Artificial Intelligence 15 min read

How Weibo Boosted Deep Learning Training Speed 18× with Fluid and JindoRuntime

Weibo’s deep learning platform faced severe latency and stability issues when accessing massive small‑file datasets via a compute‑storage‑separated architecture, so the team adopted the CNCF Fluid project with JindoRuntime, implementing a distributed cache that leverages POSIX interfaces, dramatically improving data locality, reducing HDFS load, and achieving up to 18‑fold training speedups while raising success rates from 37 % to 98 %.

Alibaba Cloud Native

Jun 3, 2021

How Weibo Boosted Deep Learning Training Speed 18× with Fluid and JindoRuntime

Background

Weibo’s deep learning platform processes billions of daily posts and relies on a compute‑storage‑separated architecture. While this decouples compute from storage for flexible scaling, it introduces high data‑access latency and stability issues for massive small‑file workloads.
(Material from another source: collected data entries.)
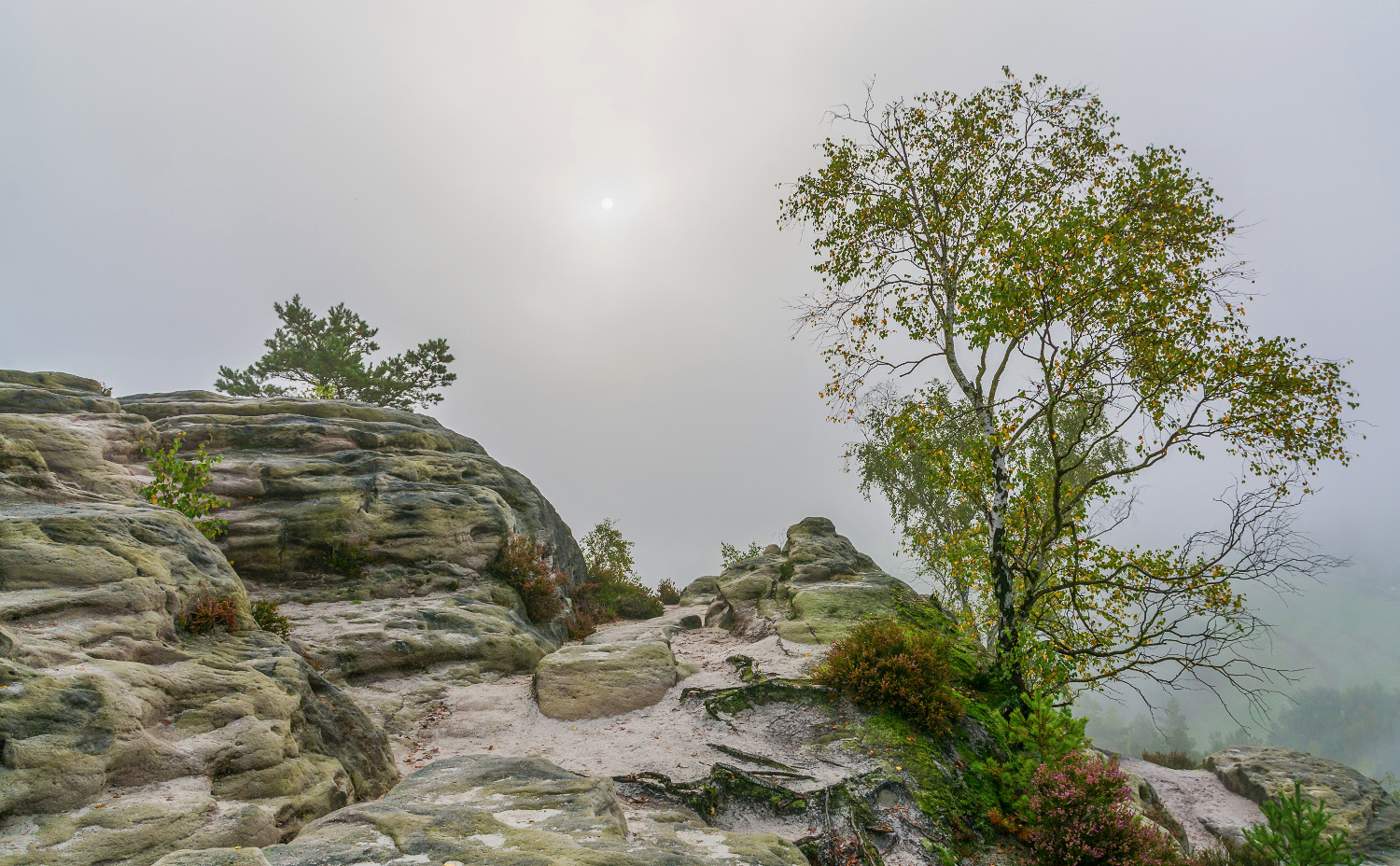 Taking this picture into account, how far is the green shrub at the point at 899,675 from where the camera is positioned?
11.0 meters

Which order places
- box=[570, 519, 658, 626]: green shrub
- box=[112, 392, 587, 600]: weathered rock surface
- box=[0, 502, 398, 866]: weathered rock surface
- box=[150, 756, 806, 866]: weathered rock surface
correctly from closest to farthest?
box=[150, 756, 806, 866]: weathered rock surface → box=[0, 502, 398, 866]: weathered rock surface → box=[112, 392, 587, 600]: weathered rock surface → box=[570, 519, 658, 626]: green shrub

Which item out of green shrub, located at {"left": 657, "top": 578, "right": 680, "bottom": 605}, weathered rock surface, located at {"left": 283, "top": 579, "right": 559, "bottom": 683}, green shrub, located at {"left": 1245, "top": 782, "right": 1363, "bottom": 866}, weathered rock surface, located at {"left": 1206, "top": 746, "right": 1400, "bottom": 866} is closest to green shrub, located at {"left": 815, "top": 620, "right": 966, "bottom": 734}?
green shrub, located at {"left": 1245, "top": 782, "right": 1363, "bottom": 866}

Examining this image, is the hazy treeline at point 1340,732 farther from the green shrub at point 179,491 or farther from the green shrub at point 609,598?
the green shrub at point 179,491

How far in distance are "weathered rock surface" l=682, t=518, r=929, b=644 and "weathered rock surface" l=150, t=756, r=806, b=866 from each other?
8.93 meters

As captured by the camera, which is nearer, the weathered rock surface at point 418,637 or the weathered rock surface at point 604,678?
the weathered rock surface at point 604,678

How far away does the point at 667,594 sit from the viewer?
3231 cm

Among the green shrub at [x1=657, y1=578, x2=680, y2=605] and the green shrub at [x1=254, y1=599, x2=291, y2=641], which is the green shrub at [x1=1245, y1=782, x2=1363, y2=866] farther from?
the green shrub at [x1=657, y1=578, x2=680, y2=605]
Challenges of Large‑Scale Model Training

High latency of compute‑storage separation : Accessing millions of small files via HDFS is 10‑100× slower than local reads.

Kubernetes scheduler unaware of data cache : Repeated accesses (e.g., hyper‑parameter sweeps, fine‑tuning, AutoML) cannot reuse cached data because the native scheduler does not consider cache locality.
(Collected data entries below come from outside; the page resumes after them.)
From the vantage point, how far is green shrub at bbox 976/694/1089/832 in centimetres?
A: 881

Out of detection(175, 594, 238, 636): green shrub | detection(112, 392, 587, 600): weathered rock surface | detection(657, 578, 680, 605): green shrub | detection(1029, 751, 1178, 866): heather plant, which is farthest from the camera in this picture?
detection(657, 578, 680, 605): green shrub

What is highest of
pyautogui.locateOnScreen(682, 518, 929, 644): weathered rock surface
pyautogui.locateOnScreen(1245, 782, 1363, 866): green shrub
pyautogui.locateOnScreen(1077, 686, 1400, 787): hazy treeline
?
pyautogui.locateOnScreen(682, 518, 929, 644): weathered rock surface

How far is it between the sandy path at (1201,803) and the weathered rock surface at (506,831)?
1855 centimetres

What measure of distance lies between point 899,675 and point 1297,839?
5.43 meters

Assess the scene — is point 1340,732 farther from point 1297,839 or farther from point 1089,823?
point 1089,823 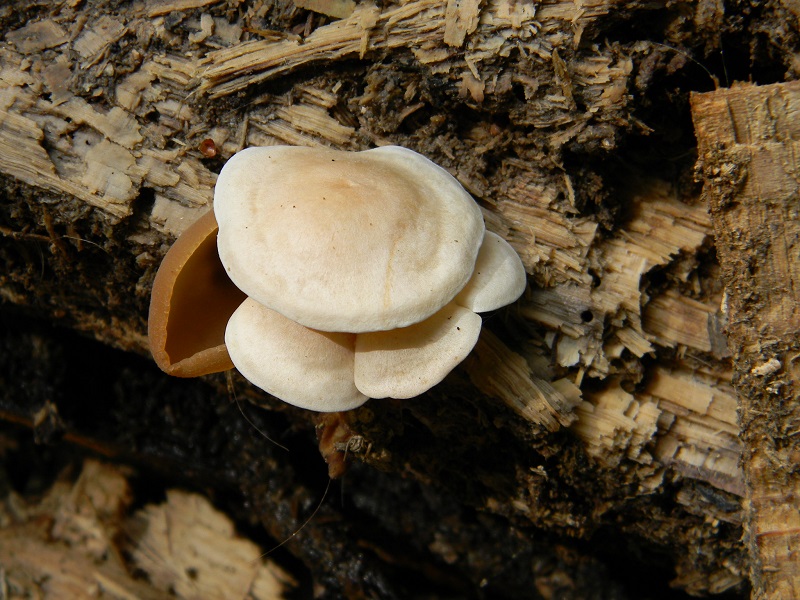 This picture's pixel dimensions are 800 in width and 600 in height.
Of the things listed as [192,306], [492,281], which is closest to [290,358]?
[192,306]

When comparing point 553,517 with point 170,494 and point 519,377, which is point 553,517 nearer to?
point 519,377

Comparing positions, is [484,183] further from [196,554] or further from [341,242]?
[196,554]

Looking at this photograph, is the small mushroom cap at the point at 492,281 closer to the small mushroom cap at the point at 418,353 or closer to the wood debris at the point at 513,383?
the small mushroom cap at the point at 418,353

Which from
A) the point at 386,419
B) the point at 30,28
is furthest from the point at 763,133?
the point at 30,28

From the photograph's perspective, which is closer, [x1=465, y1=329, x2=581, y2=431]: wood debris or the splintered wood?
[x1=465, y1=329, x2=581, y2=431]: wood debris

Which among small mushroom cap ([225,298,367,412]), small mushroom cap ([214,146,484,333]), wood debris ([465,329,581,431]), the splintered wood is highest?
small mushroom cap ([214,146,484,333])

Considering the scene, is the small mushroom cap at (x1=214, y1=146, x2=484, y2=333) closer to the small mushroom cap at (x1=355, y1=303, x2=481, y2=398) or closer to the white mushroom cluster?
the white mushroom cluster

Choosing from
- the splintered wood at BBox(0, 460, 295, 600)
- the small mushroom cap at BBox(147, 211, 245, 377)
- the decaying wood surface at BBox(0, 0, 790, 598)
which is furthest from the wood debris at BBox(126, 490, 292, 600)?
the small mushroom cap at BBox(147, 211, 245, 377) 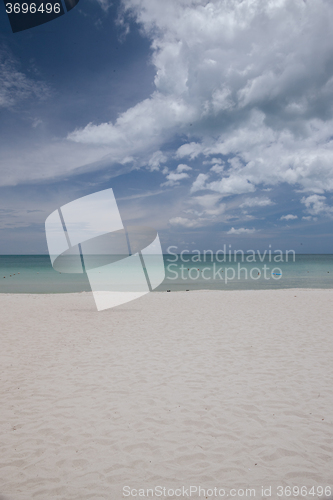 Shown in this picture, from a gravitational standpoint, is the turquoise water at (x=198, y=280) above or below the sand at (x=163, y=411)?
below

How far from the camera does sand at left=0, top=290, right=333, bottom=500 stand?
9.89 feet

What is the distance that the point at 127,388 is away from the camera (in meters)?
5.02

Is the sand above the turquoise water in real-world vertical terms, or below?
above

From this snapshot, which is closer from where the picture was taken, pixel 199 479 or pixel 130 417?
pixel 199 479

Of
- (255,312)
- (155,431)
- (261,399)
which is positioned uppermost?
(155,431)

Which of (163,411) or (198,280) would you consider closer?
(163,411)

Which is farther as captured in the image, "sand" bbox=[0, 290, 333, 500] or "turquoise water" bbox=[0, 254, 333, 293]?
"turquoise water" bbox=[0, 254, 333, 293]

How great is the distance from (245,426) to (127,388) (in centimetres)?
212

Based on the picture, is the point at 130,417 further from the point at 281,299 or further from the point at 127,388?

Frameworks lack HDFS support : Popular frameworks such as PyTorch and MXNet only support POSIX interfaces, requiring extra development to handle HDFS.

HDFS becomes a performance bottleneck : Hundreds of GPU nodes concurrently access HDFS, causing severe I/O pressure and reducing training stability.

Goals for the New Architecture

Enable local‑data access to eliminate repeated network reads and improve GPU utilization.

Reduce HDFS load by serving a portion of data from local caches.

Leverage cache‑node advantages transparently, scheduling tasks to nodes that already hold the required data.

Provide a unified POSIX interface for both development and training phases, simplifying code.

Why Choose Fluid + JindoRuntime

Fluid orchestrates data and compute on Kubernetes, exposing a PersistentVolumeClaim interface that integrates seamlessly with existing workloads.

JindoRuntime implements a distributed cache based on JindoFS, offering high‑performance small‑file access and compatibility with HDFS, OSS, S3, etc.

Hierarchical metadata and slab‑allocation enable efficient small‑file lookup and optimal cache utilization.

Data‑aware scheduling automatically places jobs on cache‑enabled nodes without user intervention.

Different caching strategies for large and small files adapt automatically to AI training scenarios.

Architecture Components

Fluid

Fluid is a cloud‑native, scalable data orchestration and acceleration system that runs on Kubernetes. It solves data‑access latency, multi‑source data federation, and complex data‑usage workflows.

JindoRuntime

JindoRuntime is Fluid’s distributed cache runtime built on JindoFS, a high‑performance storage engine compatible with Hadoop File System interfaces. It caches remote files, supports multiple storage backends, and offers POSIX‑compatible access via FUSE.

Practical Deployment

Select appropriate cache nodes : Use nodeAffinity to schedule datasets onto nodes with large disks and high‑speed network interfaces.

Master scheduling strategy : Deploy a reliable master component with nodeSelector to ensure stability; a single‑master setup proved robust when host machines are healthy.

Periodic data pre‑warming : Use Fluid’s CRD and a Kubernetes CronJob to preload metadata and data before training, reducing start‑up latency. Incremental sync further speeds up subsequent runs.

Performance Test Plan

The solution was evaluated with a video‑understanding model (mmaction) trained on 4 M raw frames (~780 GB) across multiple GPU nodes. Experiments scaled from 1‑machine‑8‑GPU to 3‑machine‑12‑GPU configurations, comparing the traditional HDFS interface with Fluid + JindoRuntime.

Performance Test Results

With data pre‑warming, Fluid + JindoRuntime achieved dramatic speedups: 1‑machine‑4‑GPU saw a 5× improvement, 2‑machine‑8‑GPU a 9× improvement, and 3‑machine‑12‑GPU an 18× improvement. Training time dropped from 389 hours (16 days) to 16 hours, and success rates rose from 37.1 % to 98.3 %.

Conclusion

Integrating Fluid + JindoRuntime significantly improves performance and stability for small‑file training scenarios, delivering up to 18× speedup and reducing HDFS pressure. The solution scales with data volume (currently 4 TB and growing) and raises overall training success rates.

Future Work

Support dynamic scaling of scheduled tasks.

Enhance data pre‑warming and metadata backup for rapid dataset reconstruction.

Provide a performance monitoring dashboard.

Ensure high availability and seamless upgrades of the runtime.

Manage the full lifecycle of multiple datasets in large‑scale Kubernetes clusters.